Following a regional tour last autumn, Stoppard is now in the West End taking the title role in Stephen Unwin’s English Touring Theatre production of Hamlet.


Date & place of birth
Born 16 September 1974 in London.

Lives now in
East Dulwich in London. I’ve been there about two years, with my wife and daughter who’s two-and-a-quarter.

Training
London Academy of Music and Dramatic Art (LAMDA).

What made you first decide to become an actor?
I think at some point during their lives most actors come to the realisation that acting is the only thing that will get them out of bed. Very few actors become actors because they want to end up on Celebrity Big Brother. Most actors do it because it’s the only thing they can do, it’s sort of as simple as that. We all enjoy doing it so much. I think a lot of us get a taste for it when we’re at school. It is great fun, and the idea of earning a living doing something which you class as great fun is very appealing.

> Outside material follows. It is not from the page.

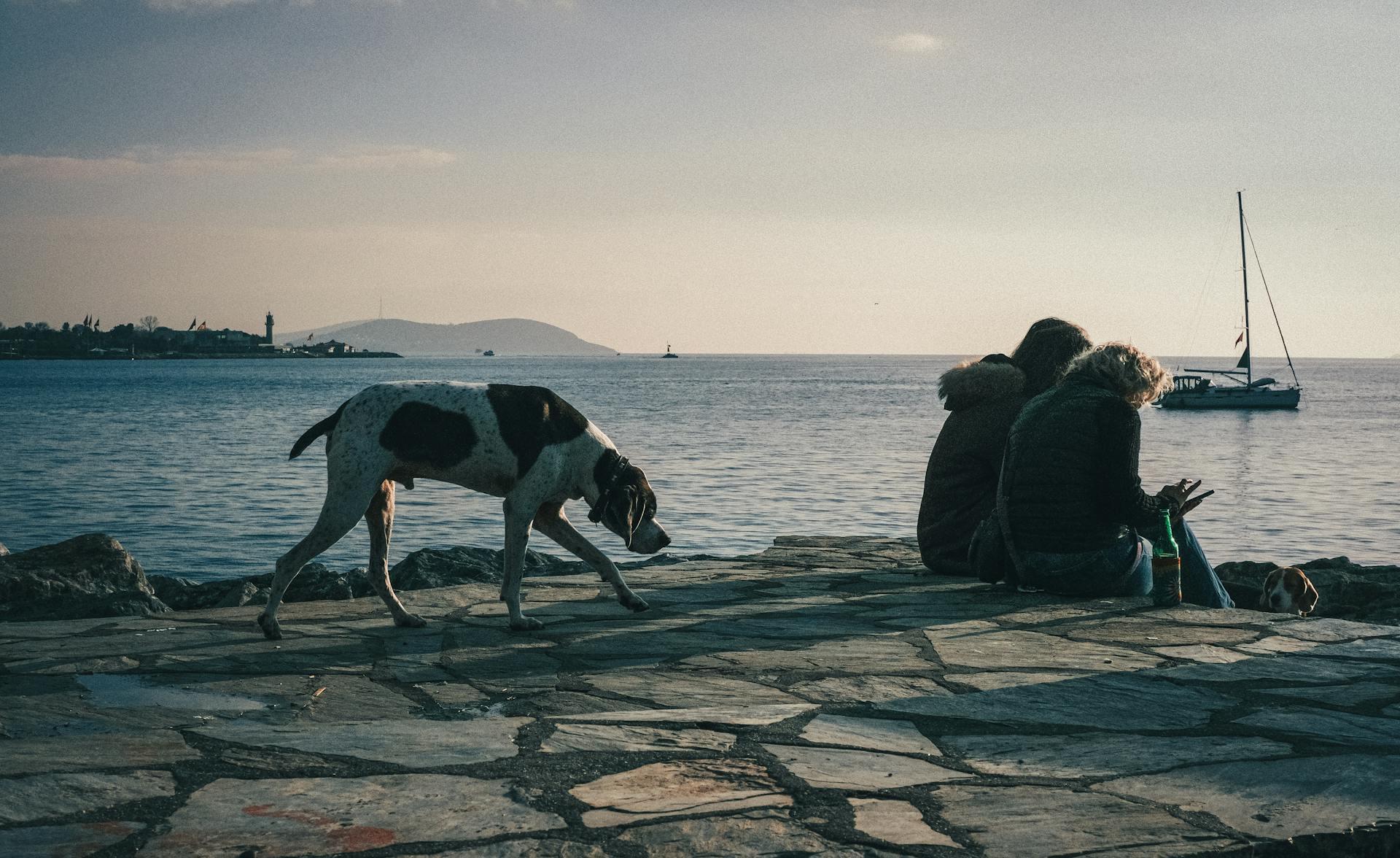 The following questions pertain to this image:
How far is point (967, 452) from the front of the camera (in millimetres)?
7352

The fact my father (Tom Stoppard) is a playwright may have exposed me to theatre and acting in general more than a child whose father wasn’t a playwright, but then again maybe it didn’t. I didn’t go to the theatre two times a week throughout my childhood or anything.

First big break
I suppose The Pianist, really. I don’t quite know what constitutes a big break these days. I don’t live in Los Angeles, but The Pianist was certainly an important piece of work in terms of profile to an extent but also in terms of experience. Playing Konstantin in The Seagull a few years ago was important for me as an actor. It was a sort of milestone to play a character of that complexity and celebrity I suppose in some respects. And then Hamlet.

Career highlights to date
The Seagull, definitely. Konstantin is one of those well-known characters for young actors to play. And then subsequently playing Hamlet. This is one of the biggest roles. It’s a limitless character. You’re never going to get to the point where there can’t be another interpretation – although apparently Simon Russell Beale went to see Alex Jennings play the role and at the end turned to his friend and said “He’s cracked it”. But really this is not one of those characters where you can say “Oh right, yes, there it is, there’s the definitive Hamlet”. He’s such a complex character. You do have to make him your Hamlet rather than your interpretation of someone else’s. Nobody wants to come and watch me play Hamlet as a copy of Simon Russell Beale or Burton or whoever, but that’s acting. Even the most chameleon-like actors bring part of themselves to the role to a certain extent. Gary Oldman said in an interview he has to know what’s in the character’s fridge. I know exactly what he means. It sounds strange, but if you really understand a character, then you do know what you imagine would be in their fridge and other details as small as that. Joy Division and Animal, these movies I did last year, were also really good. More often than not, you do a job and you have to pinch yourself because you’re having such a good time. When acting is good it’s great, and when it’s bad it’s awful. When you’re working and doing something you’re interested in, you can’t believe it. You think, “Jesus, I’m being paid what can sometimes be quite substantial amounts of money to do something that I’d frankly do for nothing”. So most jobs I do, I thoroughly enjoy. I like stage and screen equally because they’re different disciplines, and I do like to move between the two if I can. I’m not in a position where I can flick through 20 offers and pick the one I want. You do whatever you’re asked to do generally. But I like doing both so I wouldn’t like to exclusively be a film actor or a stage actor.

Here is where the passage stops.